Rods out I started to nod off as the swim was not only sheltered but getting the full benefit of the sunshine. I awoke to hear a car boot closing. Another angler had arrived with the same idea as me - to get out of the wind. I'd had one chub pluck, nothing conclusive though. With three, maybe four, swims that were out of the wind the new arrival chose to fish the one directly below the bush I was fishing to. Another move was called for. I wound the rods in and took one to check out a swim I hadn't inspected before. It was pretty interesting. Four or five feet of slower water close in with a neck down area in the river just above. It was protected from the wind too. It didn't speak to me though. I went back to my swim, packed the gear and headed for the car.

By now it was half four. I'd have time to look at the Burdock Swim again and if it was taken to head on to where I'd fished the previous two days.

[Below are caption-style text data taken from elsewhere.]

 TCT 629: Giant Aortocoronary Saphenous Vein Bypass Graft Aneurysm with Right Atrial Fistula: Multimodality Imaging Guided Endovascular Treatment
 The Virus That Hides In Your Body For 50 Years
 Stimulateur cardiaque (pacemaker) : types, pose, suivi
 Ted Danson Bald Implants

Driving down the lane to the river I saw what looked like sheep droppings all over the track. Sure enough as I drove into the field there were sheep everywhere. Ewes and their young lambs. Some of the lambs were tiny things and completely unaware what a car is. They made no attempt whatsoever to get out of the way. Quite the opposite. They walked towards the car. Further into the field where the track is quite deeply rutted there were lambs aplenty. They were small enough to make use of the ruts to shelter from the gale! I managed to drive round the lambs and reached the still deserted car park. It was going to be an interesting drive back dodging lambs in the dark!

Almost twelve hours, many miles of driving, and a bit of bank tramping later I had a bait back out where I'd started the day. Although surrounded by scrub and trees I put the brolly up to make for a pleasant last few hours. I was, by now, feeling the full effect of almost five days of fishing. Fresh air, sleep deprivation, exercise. I was starting to flag and could easily have headed for home. Not least because the food, like the gas, had run out.

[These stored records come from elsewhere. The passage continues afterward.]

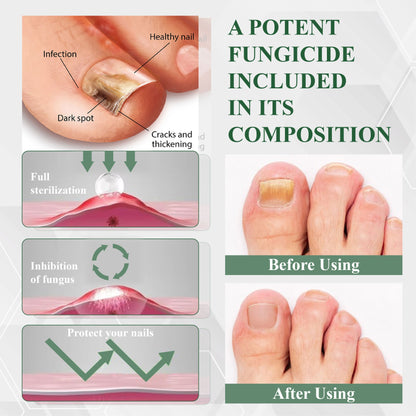ATTDX® FungaGuard Nail Renewal Herbal Spray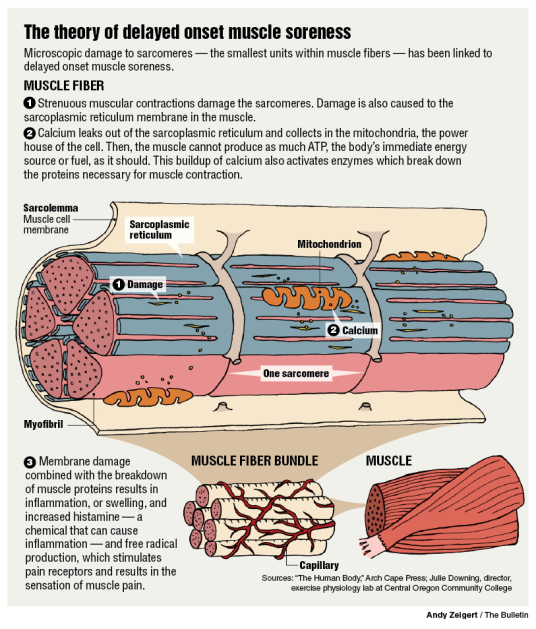 延迟性肌肉酸痛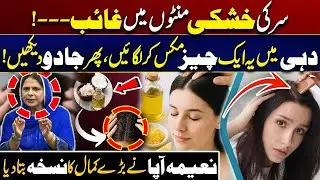 Home Remedies for Dandruff | Natural Dandruff Removal Hack | City 41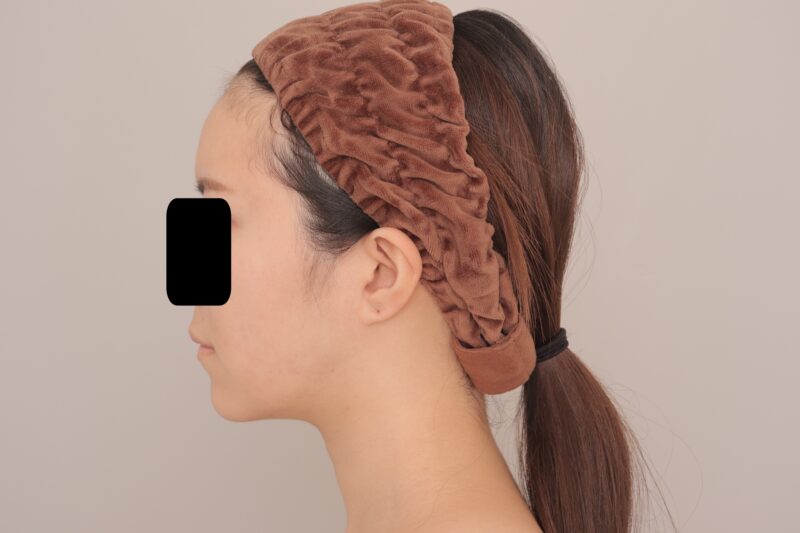 最高峰の垢抜けできます。「おでこ丸く」+「フェイスラインすっきり」 ~25歳155cm48kgおでここめかみ脂肪注入+頬顎下脂肪吸引後3か月~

At long last the wind started to drop as the light faded. The radio weather forecast predicted Sunday would be a day of light wind and high temperatures. Obviously... I was listening to an interesting Profile programme on R4 when the brolly suddenly lit up with a bright green flashing light and the air was rent by a high pitched wail. Either aliens were invading or I had a take. The rod being hooped right round rather hinted that aliens weren't involved.

The fight was a repeat of that from the first fish of the day. There was one difference. The weight I was trying to draw upstream felt heavier. The fish looked to be just as well filled out, but longer. I staked the net while I sorted the sling and sack. Taking the weight of the fish as I lifted the net by its arms it felt satisfyingly heavy. In my head I was guessing at eleven pounds. I was only an ounce out. My biggest off the stretch and number ten for the season. For the second time this swim had ended my season on a high. The fish was sacked briefly before the photos were taken.

Number ten

For release I put the fish in the landing net where she lay upright, gills working slowly, her head out in the flow, the mesh supporting her body. After a minute or two she moved her body gently from side to side and slid out of the net disappearing deep into the darkness.

Time to chill after sorting out the mess my swim had become. I rebaited and recast. I might as well. The spirit was willing to sit it out until midnight, but the body wanted some scran and to fall asleep. At eight thirty the rod was wound in and the river season was over for me. All that remained was to negotiate the sheep and hit the tarmac. Sure enough with acres and acres of grass to go at they were congregated along the track. At one point I had to get out of the car to shoo the dopey bleaters away.

Who says sheep are stupid?

My right hip hurts, my back aches and my 'good' knee is giving me gip. It's been a great end to the season but I'm all fished out - for now!